Dopo tutti questi anni provo gli stessi sentimenti negativi dell’abbandono. Non passa giorno che non chiedo di poter incontrare qualche psicologo per avere un sostegno, ma neppure lo psichiatra mi chiama per ascoltare la mia follia. Ho incontrato una psicologa che mi ha suggerito di scrivere la mia storia e far conoscere la mia situazione drammatica, affinché qualche operatore intervenga e possa comprendere come aiutarmi ad uscire da questo inferno in cui sono prigioniero da molti, troppi anni.
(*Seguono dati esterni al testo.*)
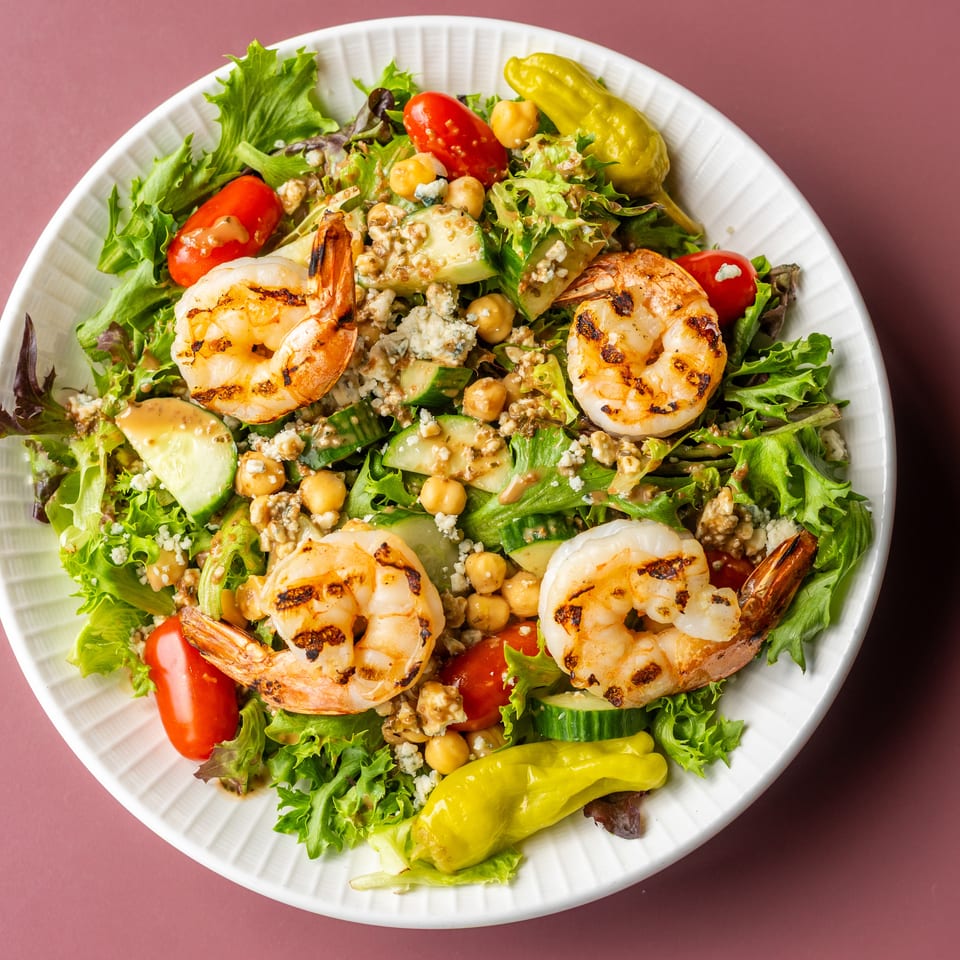 Grilled shrimp salad with mixed greens, cucumbers, tomatoes, chickpeas, blue cheese, dressing, and pepperoncini in a white bowl.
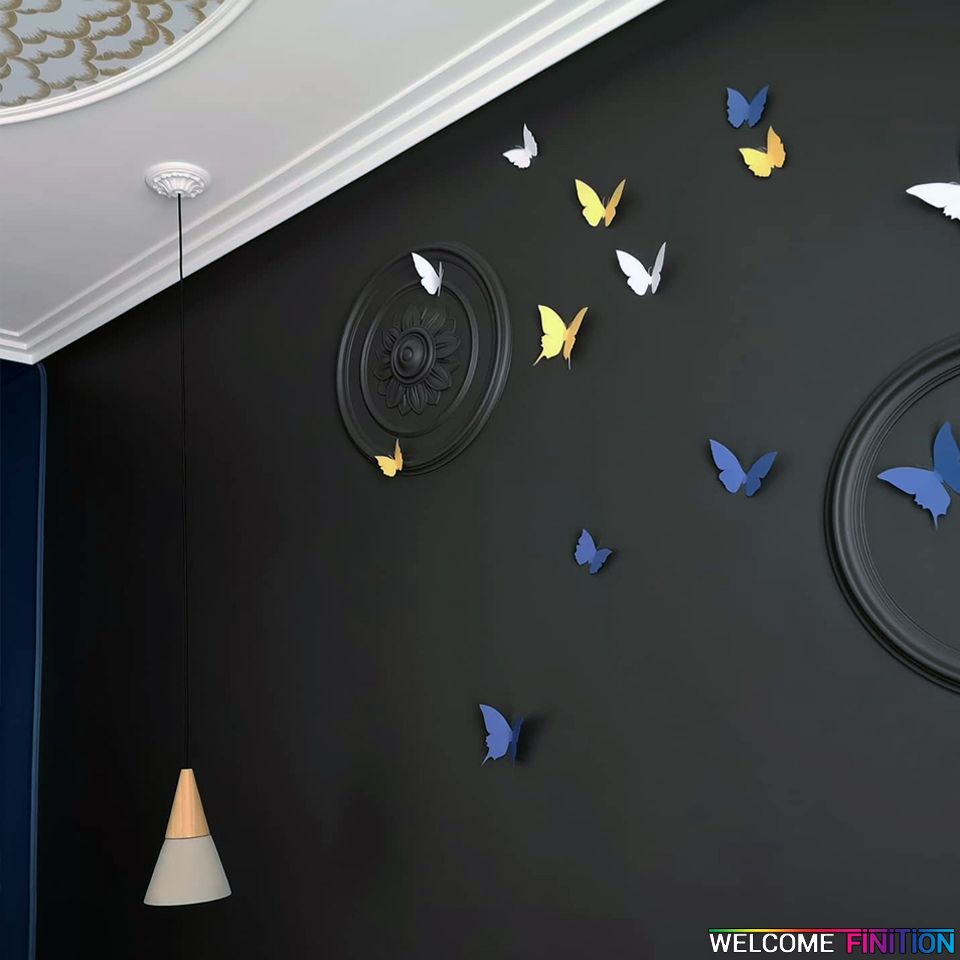 Rosace moulurée et papillons décoratifs sur un mur noir mat, réalisation Welcome Finition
Il problema è che ogni volta che chiedo di poter parlare con qualcuno mi viene risposto che qui siamo in più di ottocento detenuti e la struttura, strutturata per 350, non è in grado di far fronte ai problemi di un numero così alto di detenuti, il sovraffollamento… ecco di chi è la colpa, del sovraffollamento. Però nessuno capisce che se non si risolvono i problemi, questi aumentano con la disperazione, giorno dopo giorno.

Io ho il fine pena al 2015, poi avrò da scontare due anni di Casa di Lavoro, per via della recidiva. Non riesco a vedere prospettive rassicuranti, all’orizzonte ci sono tanti problemi che non so se riuscirò a risolvere o ad armonizzare.

In carcere mi sento non solo abbandonato, ma anche privo di quella tutela che una persona come me, debole, soggetta a psicofarmaci, incapace di trovare da sé la strada per venire fuori dall’inferno, necessita per poter andare avanti con un po’ di speranza. Non esiste la possibilità di un progetto da individuare per cominciare un percorso di risocializzazione. Come si può credere che una persona come me riesca da sola a trovare le risorse per riacquistare padronanza di sé?

Concludo con la speranza che qualcuno si accorga che ci sono anch’io. Spero davvero che queste mie parole non siano vane e riescano ad aprire una breccia affinché qualcuno, prima o poi, prenda in considerazione il mio bisogno d’aiuto.

Ciao e grazie, a tutti quelli che lo meritano.